1 teaspoon garlic powder
1 teaspoon ground cumin
1/2 teaspoon oregano leaves
1/2 teaspoon cilantro leaves
1/8 teaspoon ground red pepper
1 tablespoon olive oil
2 medium-sized boneless, skinless chicken breasts, cut into 1/2-inch cubes*
1/4 cup chopped onion
1 can (or 2 cups) chicken broth
1 can (4.5 ounces) chopped green chilies
1 can (15 ounces) white kidney beans (Cannellini) drained and rinsed
Shredded Monterey Jack cheese and sliced green onions for garnish (optional)

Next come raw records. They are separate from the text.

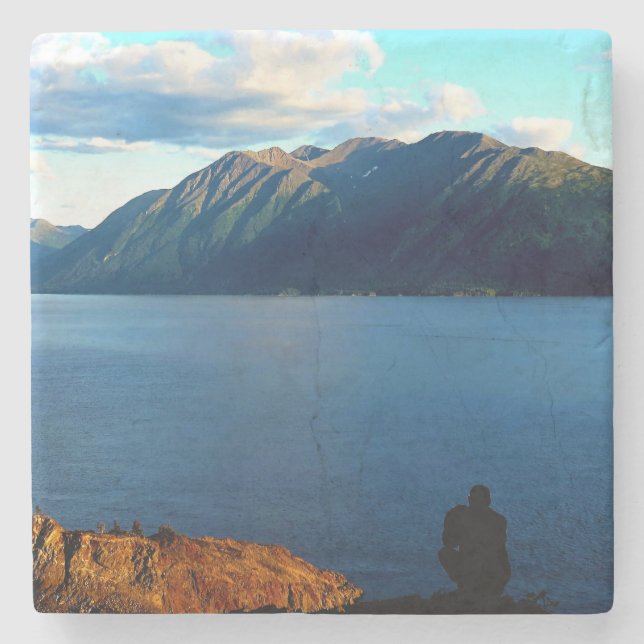 Alaskansk Bay Solnedgång Stenunderlägg (Framsidan)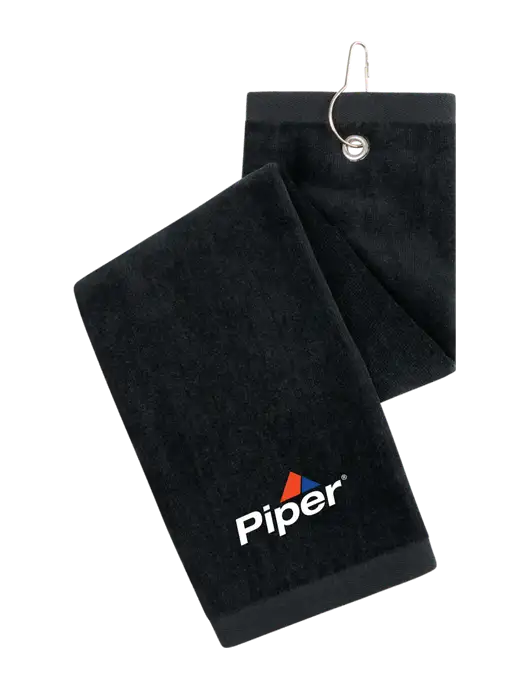 Black Tri-Fold Golf Towel with Grommet w/Piper Logo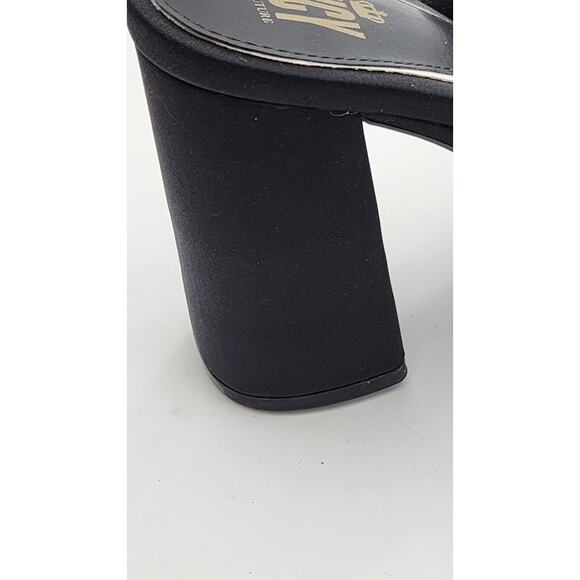 Juicy Couture Juicy Girly Womens Size 8.5 M Heeled Sandals Black White Logo - Picture 14 of 16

Combine garlic powder, cumin, oregano, cilantro, and red pepper in a small dish and stir until well blended. Set aside.
Heat oil in a large skillet over medium-high heat. Add chicken cubes and stir-fry from 5 to 8 minutes or until lightly browned. Add onions and continue cooking for a few minutes, until onion is translucent. Stir in chicken broth, chilies, and spices. Simmer over low heat 15 minutes.
Stir in beans and simmer, uncovered, 5 minutes. If soup is too thick, add 1/2 cup to 1 cup water to desired consistency. Pour into serving bowls and top with cheese and sliced green onions.